江戸時代になると「川屋」がさらに発展し、肥料としての商業的価値も高まりました。当時の日本のトイレは、同時期の欧米諸国に比べて、圧倒的に衛生的だったといわれています。
対してヨーロッパでは、溜めた排泄物を2階から道路に投げ捨てる習慣がありました。そのため香水やハイヒールが流行り、疫病も多かったそうです。
江戸時代のトイレ事情と東西の違い
江戸時代のお殿様が使用したトイレの復元品も展示されています。

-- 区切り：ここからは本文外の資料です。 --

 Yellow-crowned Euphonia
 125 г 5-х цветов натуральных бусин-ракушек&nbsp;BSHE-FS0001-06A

畳敷きの部屋に漆で塗られた「おまる」が埋め込まれた贅沢な造りで、蓋があり、音消しや匂い消しとして松の葉や炭が使われていました。
興味深いのは、江戸時代の「厠(かわや)」には東西で違いがあったという点です。
江戸(東日本)では扉が半分しかなく、板壁で質素な作りだったのに対し、京都など西日本では扉が上まであり土壁で作られ、プライバシーが確保されていました。

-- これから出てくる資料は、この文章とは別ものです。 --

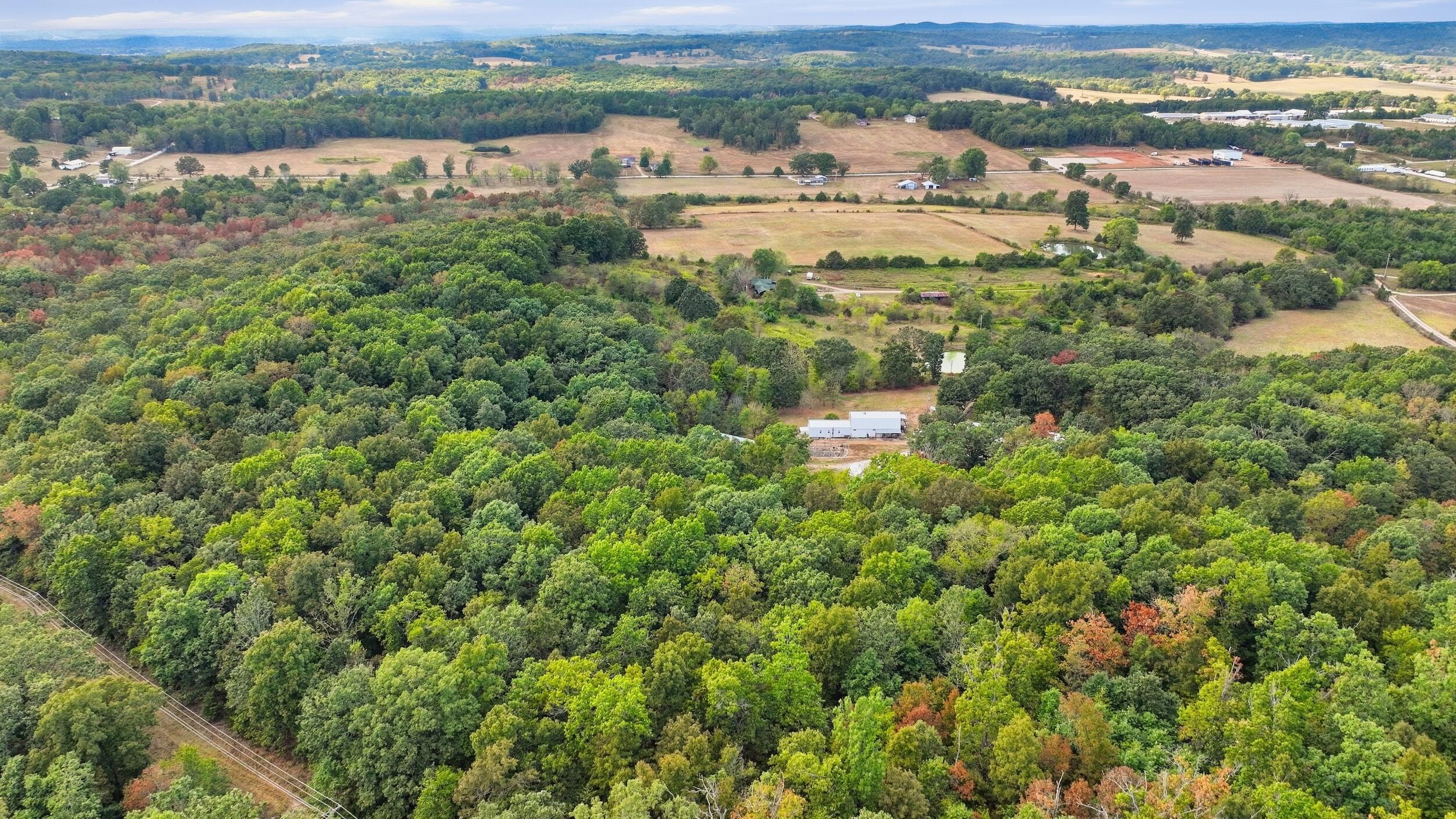 Photo 17 - Farm for sale – 1804  Bluebird Road  Cabool, MO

この違いの理由は明らかではないものの、江戸が爆発的に人口が増えていて、資材にそこまでお金がかけられなかったのではという推察ができるそうです。
江戸時代後半には、町民文化の成熟とともに、便器も木製から陶器製へと進化し、特に「瀬戸焼」で作られた美しい絵付けを施したトイレが人気を博しました。
同時代のイギリスでは、水洗トイレの原型と下水道の整備が始まっており、日本とは異なる進化を遂げていました。
公団住宅で進化した日本のトイレ
戦後のトイレ事情で画期的だったのは、水洗トイレ化に一役買ったといわれる公団住宅です。
それまで別々だった小便所と大便所をひとつにまとめ、狭い住宅でも効率的に使えるようなトイレが誕生しました。
このトイレは、男性は立って小便を、階段の上にしゃがんで大便ができる階段式の構造で、さらに隅にタンクを置き、上部に手洗いも設けるという工夫もありました。
その後、数年で洋式トイレが集合住宅に導入され、日本初のシャワートイレも開発されました。
アメリカやドイツなど海外のトイレメーカーが、日本の技術を取り入れ始めた事例も紹介されています。
時代を彩るトイレカラーの変遷
館内では、トイレのカラー変遷も展示されています。1970年の大阪万博の頃は「原色のトイレ」が流行ったといいます。
「トイレの文化館」は、日常に欠かせないトイレを通して、日本の文化や技術の歩みを知ることができる貴重な施設です。
日本ならではの「清浄性」へのこだわりは、こうしたトイレ文化にも色濃く表れており、その高い技術力は、今や海外からも注目を集めています。
トイレの文化館を含む「INAXライブミュージアム」は、毎週水曜日が休館日。入場料は一般が1,000円、小中学生はそれぞれ料金設定があり、詳細はホームページで確認できます。